Das Urteil lautet: Freispruch für Gesellen

Riesa/Großenhain/Stauchitz. Es gibt Menschen, die pfeifen auf Traditionen, halten sie für veraltet, nicht zeitgemäß. Und dann gibt es welche, die halten sie in Ehren. Dazu gehört die Metallinnung Riesa-Großenhain. Jedes Jahr spricht sie ihre frisch gebackenen Gesellen, die Metallberufe erlernt haben, in der Schauschmiede in Seerhausen frei.
Und wer könnte das besser als der Ehreninnungsobermeister Eberhard Gruhle. Der 84-jährige Riesaer ist ein Handwerker von altem Schrot und Korn, hat den Beruf von der Pike auf gelernt. Ihm macht keiner so schnell was vor. Er arbeitete ein Leben lang in dem Familienbetrieb in Riesa an der Goethestraße, den es seit 1906 gibt und der jetzt von seinem Sohn weitergeführt wird. Auch in diesem Jahr leitete er die Zeremonie, die mit drei Hammerschlägen auf den Amboss endet.

Freude an dieser uralten Tradition haben auch die jungen Leute. So wie der 21-jährige Großenhainer Michael Egerland. "Das war für mich etwas Neues, ein schönes Erlebnis", sagt der junge Mann, der eigentlich Tischler werden wollte wie einst sein Vater. Doch es fand sich keine geeignete Lehrstelle. Und so entschloss er sich für den Beruf des Metallbauers für Konstruktionstechnik.
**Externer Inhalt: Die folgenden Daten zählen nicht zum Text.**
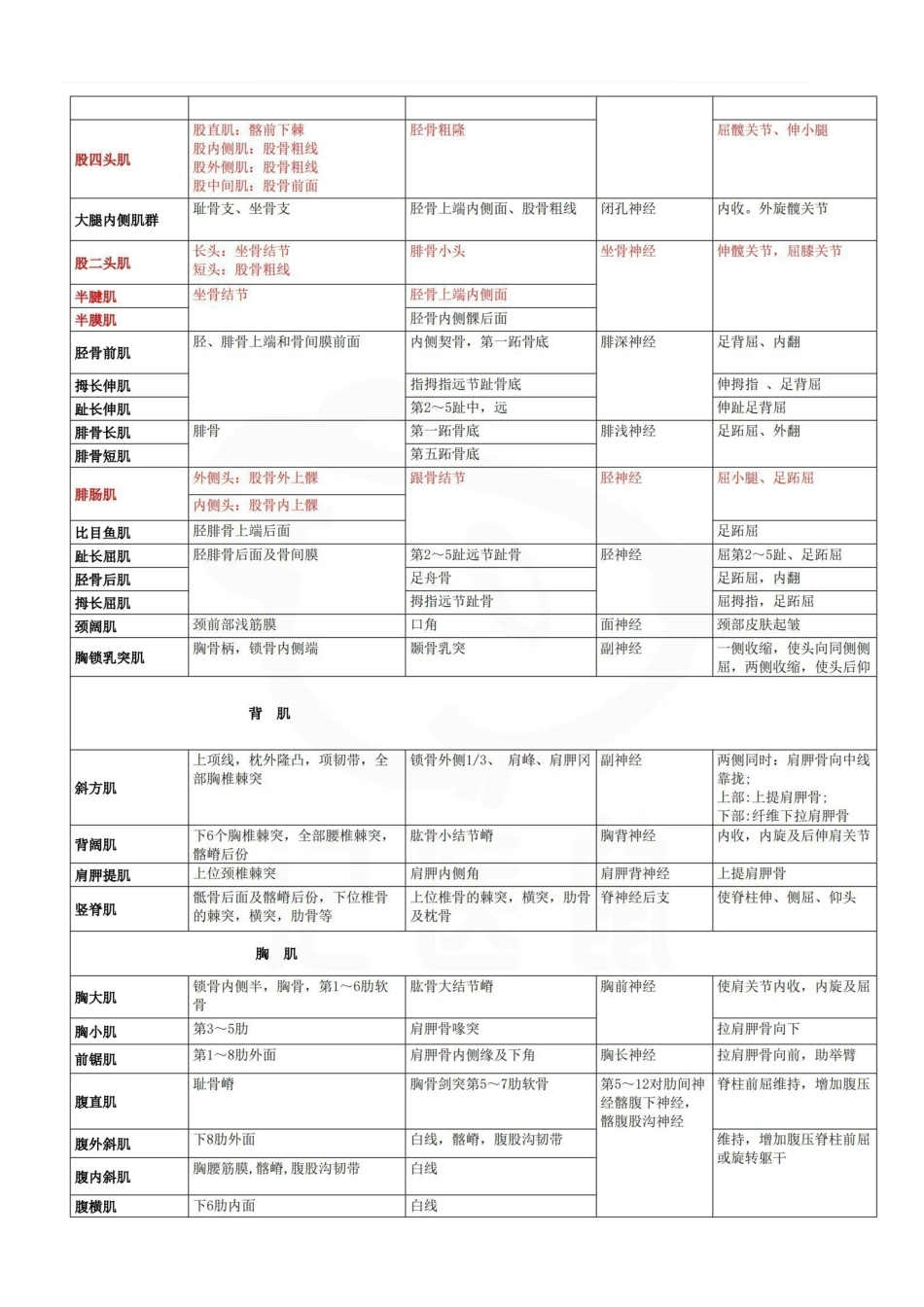 医学学科：表格：全身肌肉起止点、神经支配、作用.pdf_第2页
Früher nannte man das einfach Schlosser.
Festeinstellung nach der Lehre
"Michael ist ein ruhiger Typ, ihn wirft nichts gleich aus der Bahn", lobt ihn Claus Schumann, sein Ausbilder vom Metallbau Kokisch in Großenhain, der mit insgesamt 25 Mitarbeitern unter anderem Geländer, Podeste und Treppen herstellt. Die Auftragslage sei gut, und so wurde auch Michael Egerland nach erfolgreich abgeschlossener dreieinhalbjähriger Ausbildung fest eingestellt.
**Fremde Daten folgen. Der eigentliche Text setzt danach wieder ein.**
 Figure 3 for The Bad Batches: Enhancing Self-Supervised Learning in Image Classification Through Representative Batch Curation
Er will nun erstmal Geld verdienen. An eine Qualifizierung zum Meister denkt er vorerst nicht. "Die Arbeit macht mir Spaß, ist sehr abwechslungsreich, wir haben viel zu tun", sagt er. So sehr ihm die Freisprechung auch gefallen hat, eine andere Tradition will er nicht fortsetzen, nämlich die Wanderschaft, auch Walz genannt. Diese ist in der Tat aus der Mode gekommen. Noch vor ein paar Jahren konnte man Handwerkern auf der Walz begegnen, vor allem aus dem Tischlereigewerbe. Heute gibt es wohl auch zu wenige Betriebe, in denen die Wanderer Erfahrungen sammeln könnten.
Privat hat er eher andere Interessen, modelliert gerne, beschäftigt sich mit Computerprogrammen. "Ich habe auch mal anfangen zu zeichnen, aber das ist nicht so mein Ding", sagt er und lacht.
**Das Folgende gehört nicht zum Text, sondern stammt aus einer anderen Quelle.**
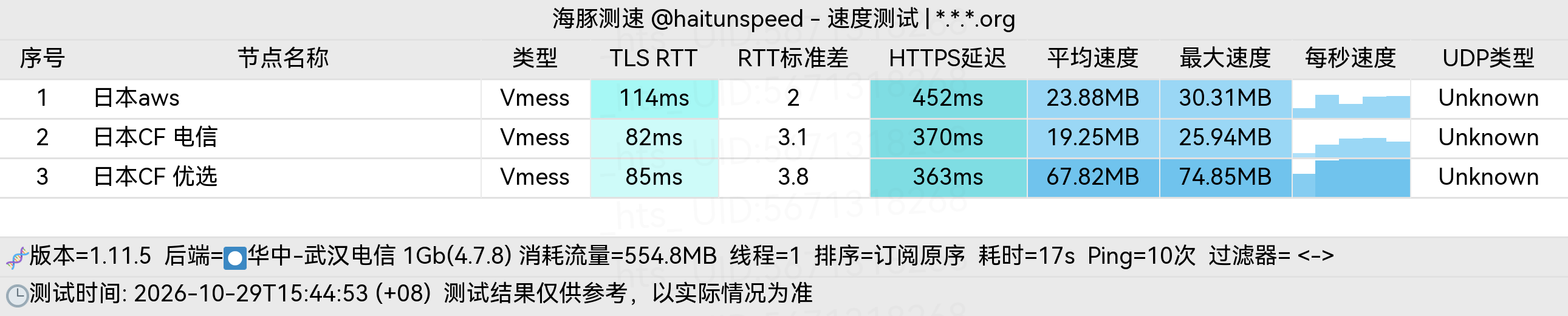 🐬海豚测速|机场评测|后端招募 配图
"Bisher hatten Sie als Lehrlinge noch eine Art Welpenschutz, jetzt aber sind Sie für Ihrer Hände Arbeit selbst verantwortlich", sagt Anita Maaß. Die Lommatzscher Bürgermeisterin und sächsische FDP-Vorsitzende wurde von der Metallinnung als Festrednerin auserkoren. "Die gesellschaftliche Bedeutung der Lehrbetriebe wird leider nicht genug gewürdigt. Seien Sie angespornt, mit Ihrer Hände Arbeit zum Erfolg Ihrer Firma beizutragen", sagte sie. Kaum ein Handwerk sei so alt und habe sich so verändert wie die Metallverarbeitung. Dann fällte sie ihr Urteil: "Es lautet Freispruch. Sie sind jetzt frei, Ihren Beruf ausüben zu dürfen".
Diese Freiheit genießen nun auch Lukas Krompaß (Metallbauermeister Andreas Schillheim Käbschütztal), Kevin Scott Uhlemann (Baier GmbH Antriebstechnik und Metallbau Klipphausen), Jordan Dare Hauschke (Clever Foliendruck GmbH Brieske) und Ludwig Just (Stahl- und Maschinenbau Graf GmbH Weinböhla). Zwei weitere künftige Gesellen konnten an der Zeremonie nicht teilnehmen.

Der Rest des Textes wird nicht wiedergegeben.